If we combine intervals (e.g. A-Z -> a-z) from consecutive to consecutive codepages for easier storage, we have

 

463 intervals with single code point -> single code point

 

86 intervals with single code point -> multi code point

34 alternative intervals single -> single, if single -> multi is not acceptable

(the other 52 would have to be kept in their original form, mostly ligatures)

 

So one needs two set of functions for case folding (upper->lower):

single->single

single->possibly multi

 

 


 

-----Ursprüngliche Nachricht-----
Von: JJ Marr via Std-Proposals <std-proposals@lists.isocpp.org>
Gesendet: Di 08.07.2025 18:50
Betreff: Re: [std-proposals] constexpr tolower, toupper, isalpha
An: std-proposals@lists.isocpp.org;
CC: JJ Marr <jjmarr@gmail.com>;
The authoritative tables for case mapping are found at https://www.unicode.org/Public/16.0.0/ucd/, specifically CaseFolding.txt for case folding.
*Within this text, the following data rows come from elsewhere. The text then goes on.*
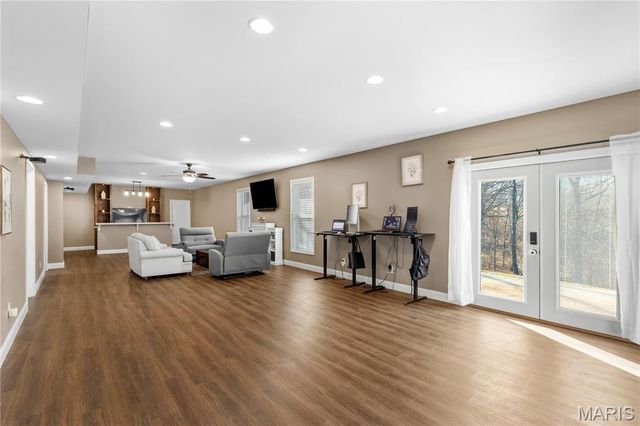 221 Osage Avenue, Troy, MO 63379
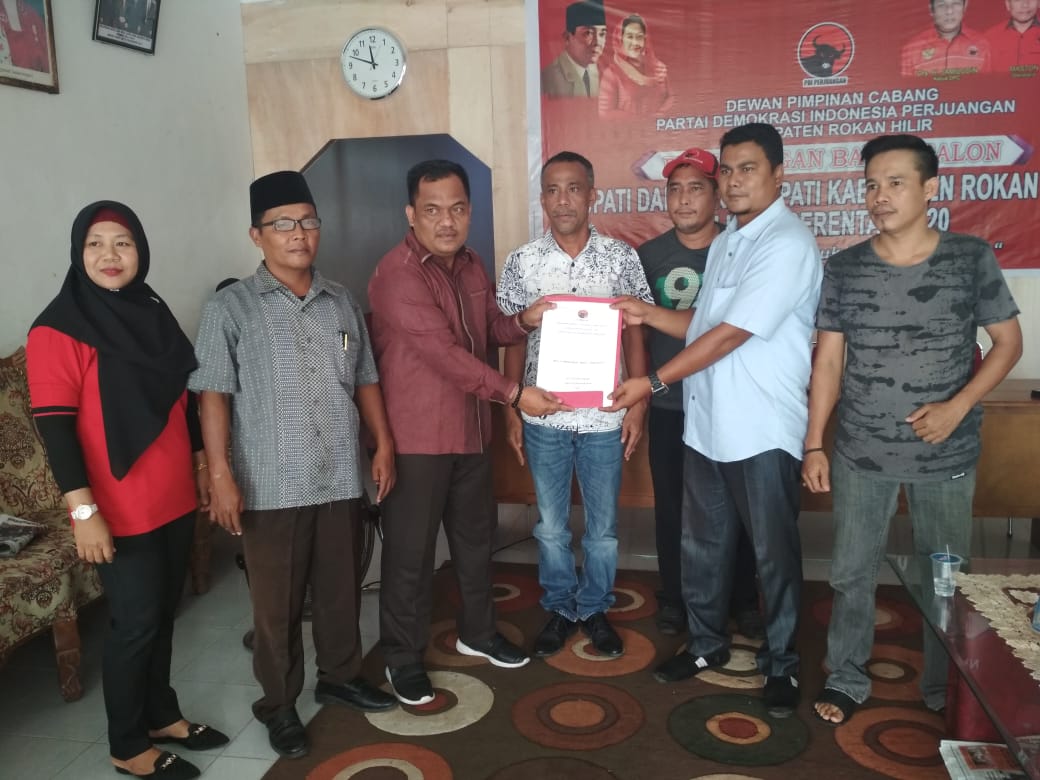 Daftar ke PDIP, Bahtiar Incar Kursi Bupati Rohil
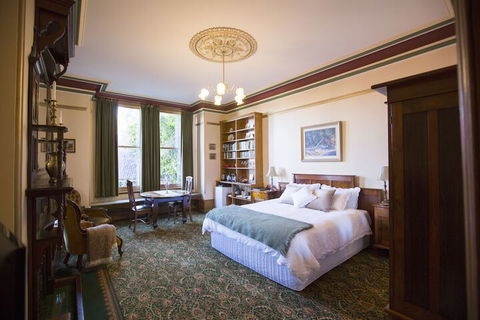 Turret House - Accommodation Gladstone 4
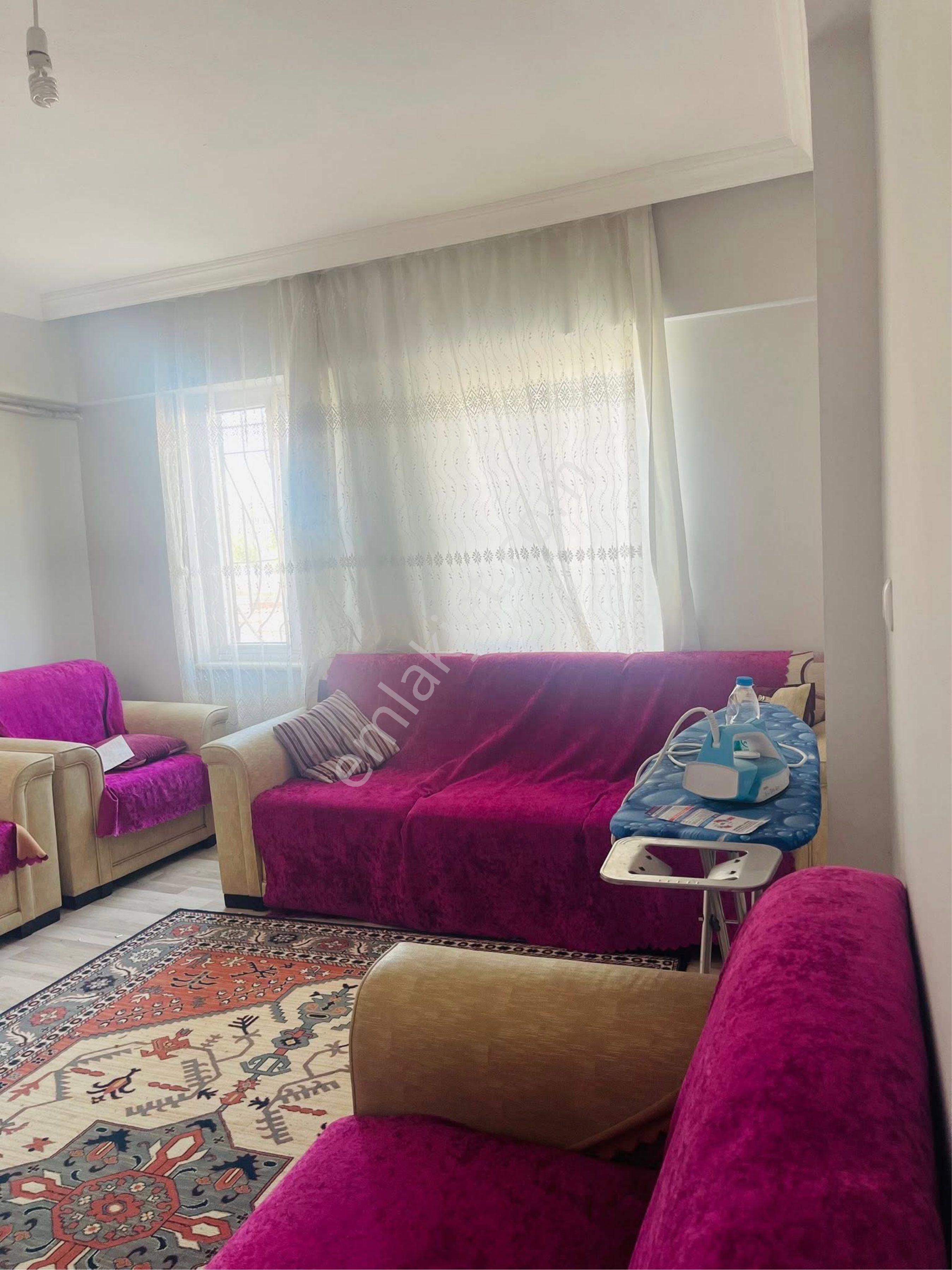 Cumhuriyet Mahallesinde Ful Eşyalı2+0 Kiralık Daire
It's all premade. 
 
CaseFolding.txt is a 87 KB text file, most of which is comments. It's about 1654 lines, so assuming two UTF-32 characters a line that's a little under 13 KiB.
 
Of course, this includes complex case mappings of one codepoint to multiple codepoints. If we drop those, we can make the table a bit smaller.